En avril 2019, Trevor Milton a voulu se montrer rassurant sur l'évolution de Nikola et a expliqué que les infrastructures de la marque, situées en Arizona, ne dépendaient plus du réseau électrique grâce à « 3,5 mégawatts d'énergie solaire sur le toit, produisant 18 mégawatts d'énergie par jour dans notre quartier général ». Mais en juin 2019 le média BizJournals révélait qu'aucun panneau photovoltaïque n'était présent dans l'usine. En vérifiant sur Google Earth la localisation de l'usine, l'équipe de Hindenburg a confirmé ce fait.

Nikola se défend pour limiter l'effondrement boursier

Accusé d'utiliser les mêmes ficelles pour promouvoir sa marque et son tout nouveau pick-up électrique Badger après être entré en bourse avec Nikola en juin, Trevor Milton se défend corps et âme. Il a menacé Bloomberg de procès et s'en prend régulièrement aux vendeurs à découvert, qu'il accuse de mentir au sujet de Nikola pour spéculer sur son effondrement.

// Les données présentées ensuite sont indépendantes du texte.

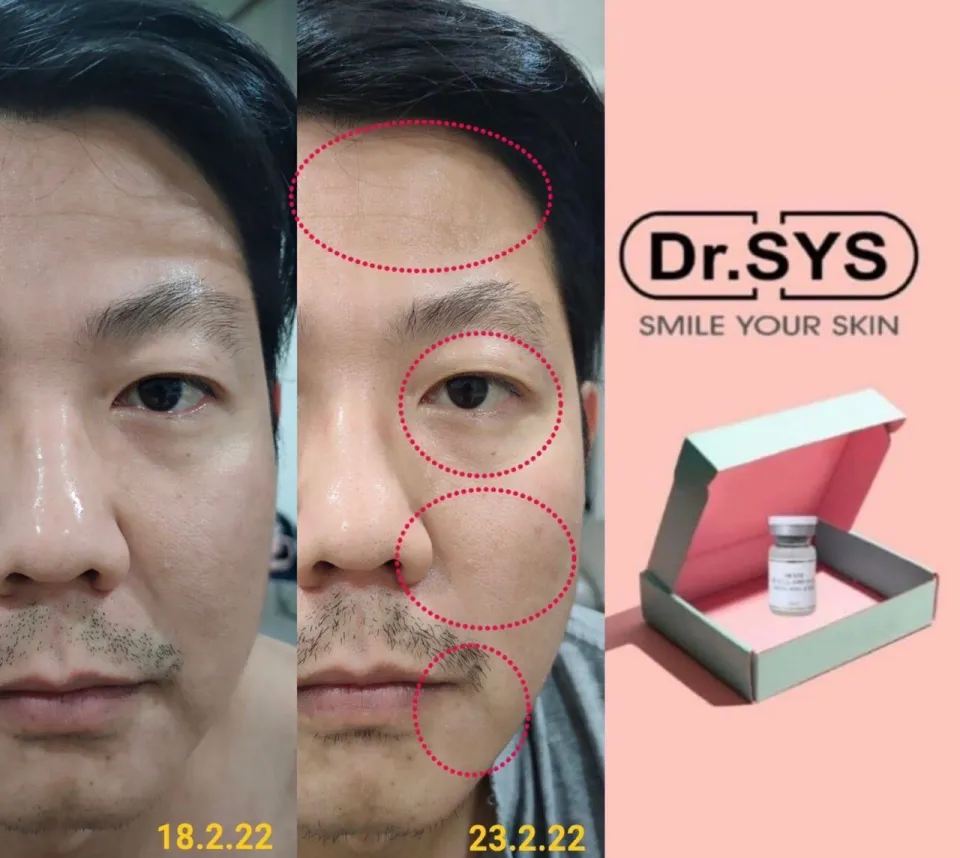 DR.SYS PS Stem Cell Ampoule - Lazada | Lazada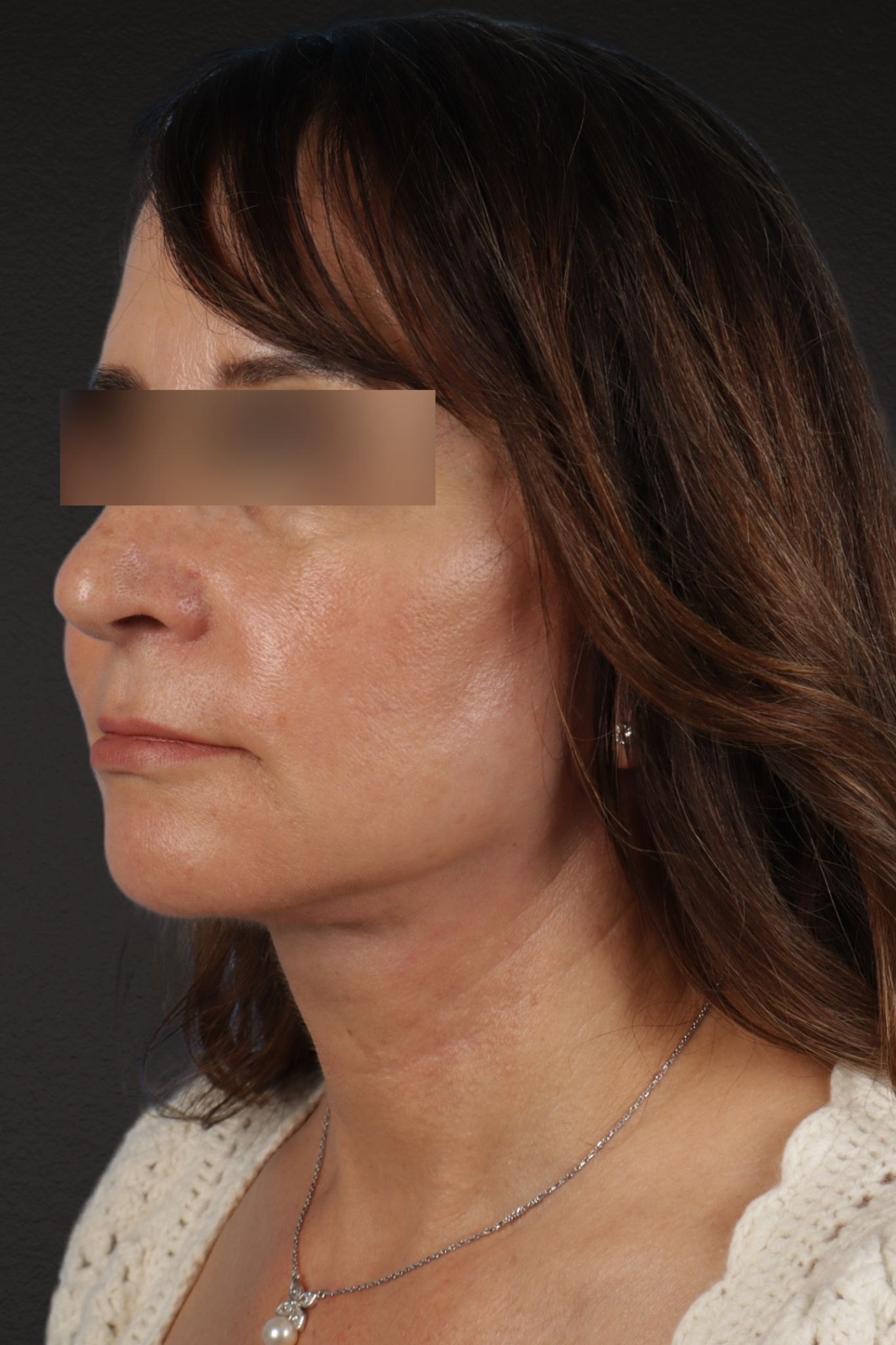 Facelift Before & After Gallery - Patient 407291 - Image 8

Un effondrement qui, de révélation en révélation, est sur le point de devenir réalité et se rapproche à chaque nouveau mensonge. Il a assuré que cinq exemplaires du Tre, son nouveau poids lourd, allaient sortir des lignes de production, mais Bosch, qui convertit ce camion sur la base d'Iveco S-Way, a assuré n'avoir aucun modèle à convertir.

Autant de mensonges et de fausses déclarations qui poussent aujourd'hui les investisseurs à douter du sérieux du projet, mais surtout de son avenir. Et la signature d'un partenariat avec General Motors pour la fabrication du Badger ne devrait pas y changer grand chose, surtout après la publication de Hindenburg Research.